Bite-Sized Review: GURPS Dungeon Fantasy Treasures 3 – Artifacts of Felltower

And it’s time for another bite-sized review for one of the new five-bucks GURPS morsels. The title is a bit of a mouthful and could have easily been shortened to DFT 3 – More Artifacts.

Cover of Dungeon Fantasy Treasures 3 - Artifacts of Felltower

Facts

Author: Peter V. Dell’Orto
Date of Publication: 20/06/2019
Format: PDF-only (Warehouse 23-only)
Page Count: 17 (1 title page, 1 content page, 1/2 index page, 1/2 page ad)
Price: $7.99 (PDF), $ 0.22 per page of content; Score of 5/10
Preview: http://www.warehouse23.com/media/SJG37-0351_preview.pdf

Review

As all my other reviews this one will be rated according to meat (rules, stats, game mechanics), cheese (setting, characters, story), sauce (form, writing, style, art) and generic nutritional substance (universal nature, adaptability). At the end you find a weighted average of those components and a value score that also takes into account price per page.
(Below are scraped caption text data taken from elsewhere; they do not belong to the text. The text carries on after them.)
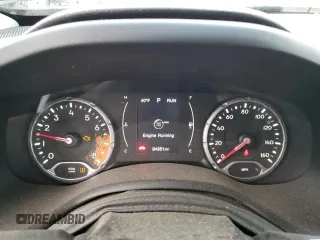 2017 Jeep Renegade Sport with VIN ZACCJBAB9HPF67335, listed as a Copart auction lot 42706375 with 94,351 mi miles and Salvage title. Bid and sale history available at DreamBid. Image 9.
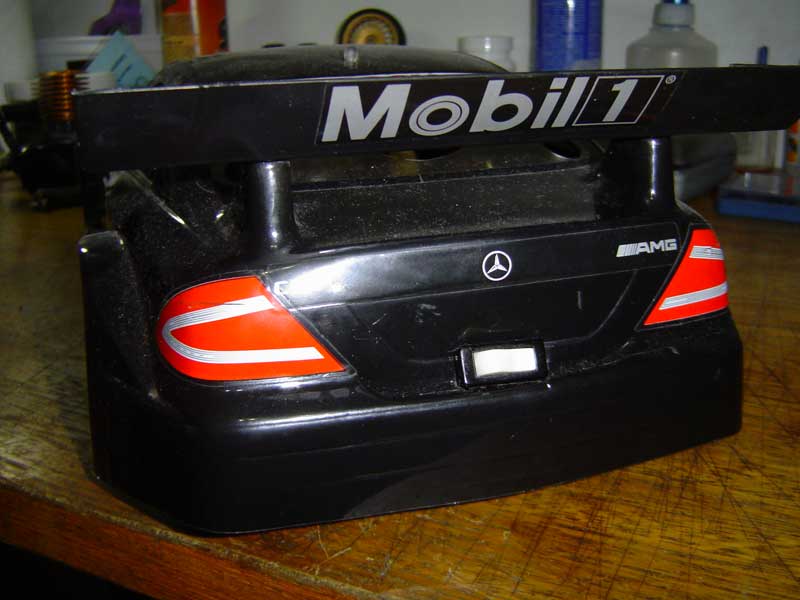 olha o botão liga e desliga atraz do carro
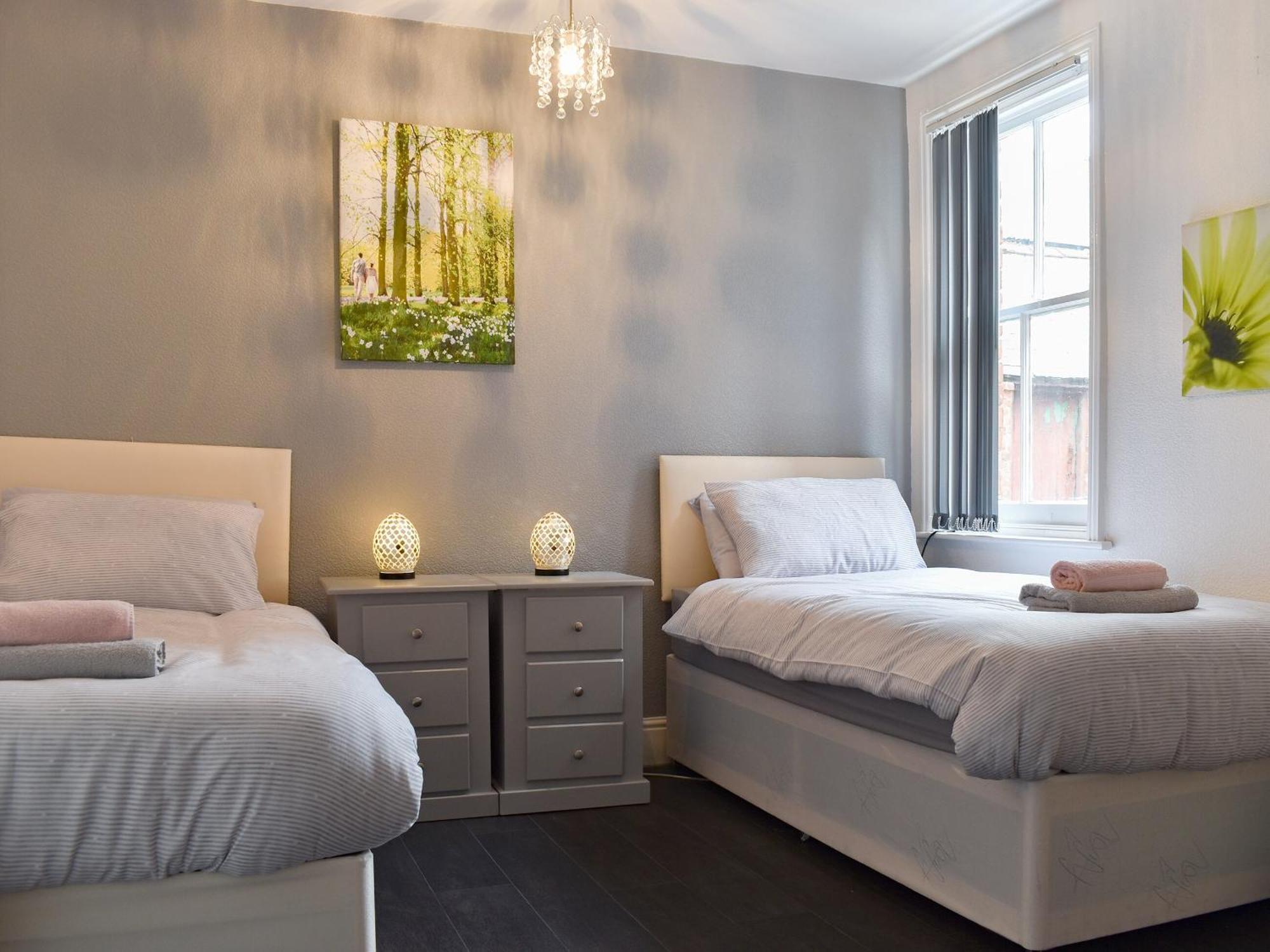 South Side Apartment Бринлингтон Экстерьер фото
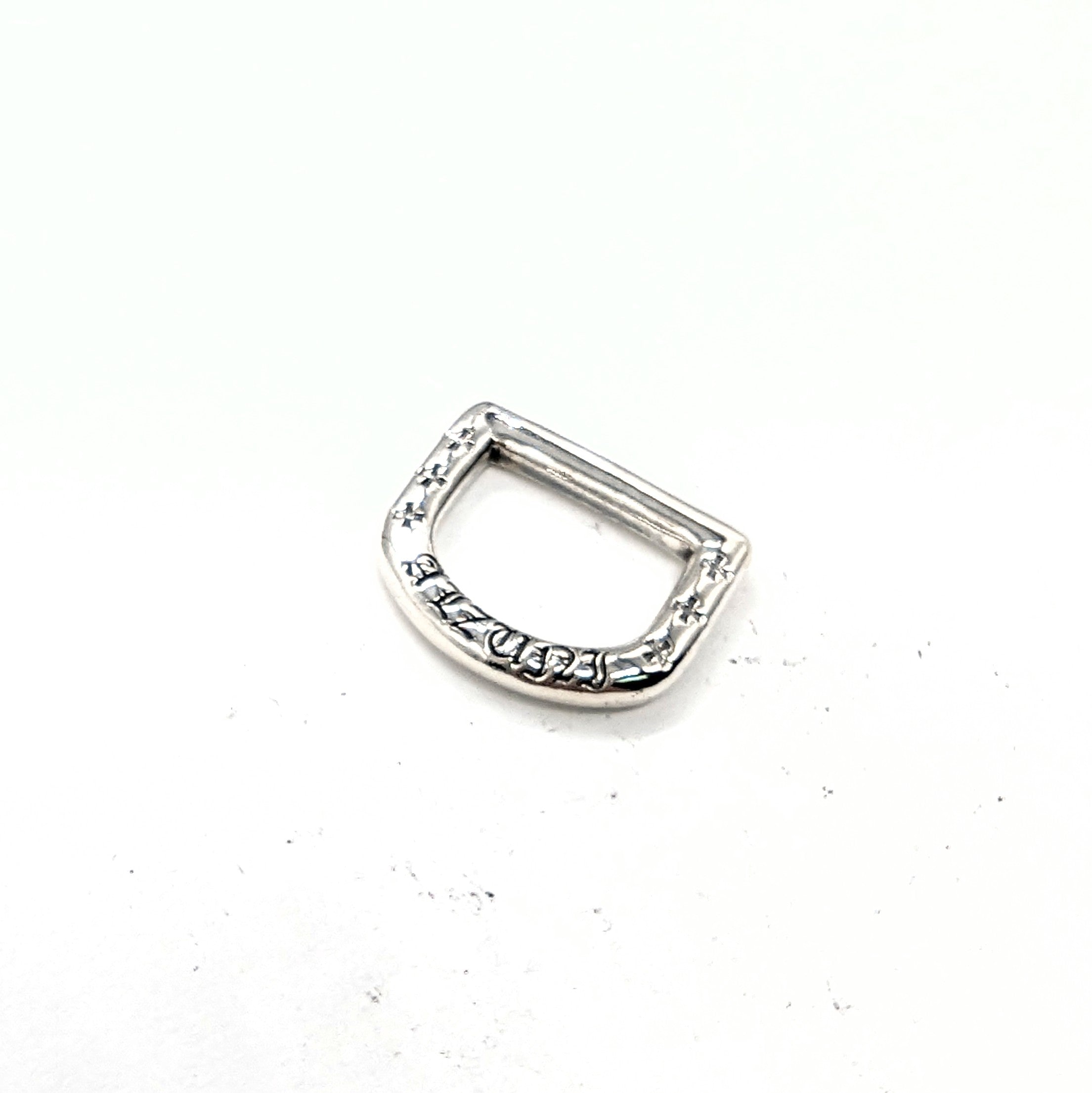 シルバー925製　Dカン　アルズニコンチョ付　ベルトループ　ハート　トライバル silver Dカン（クロス） – ALZUNI ONLINE SHOP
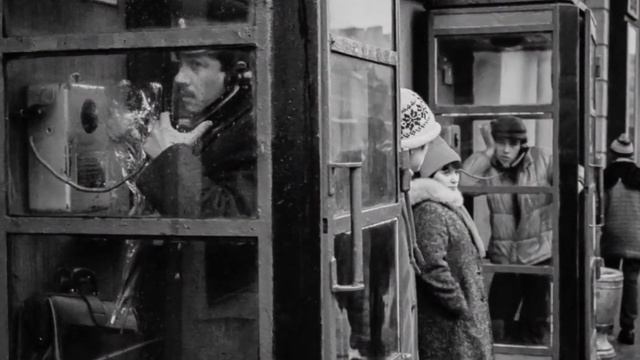В СТИЛЕ ДИСКО... (Питер времён "перестройки" - 1980-90-х гг. - фото чб) смотреть онлайн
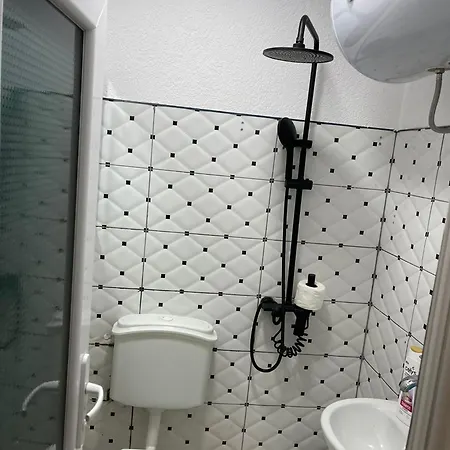 Hotel Bar Restaurant Gjocaj 3*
Instead of adding more detail to all sorts of treasures like the first volume or going for the extremely epic like the second one, this third volume in is just a list of unique or near unique artifacts that is most akin to GURPS Dungeon Fantasy 6 – 40 Artifacts, which is explicitly referenced as necessary for play. That is a bit of an overstatement though, as is needing GURPS Magic for the spell descriptions. Yes, there’s no handy guide to reading the entries as in DF 6, but most of it is self-explanatory enough. And the only two spells you need to know are Accuracy and Puissance, which are also present in GURPS Basic – hint: together they make a +1 weapon like in That Other Game ™.

It’s a bit of a shame that this information wasn’t included to make the book even more accessible to DFRPG players. The origins can be easily gleaned from DFRPG Exploits p. 77. Not that DFRPG 6 is a bad book to have for DFRPG players.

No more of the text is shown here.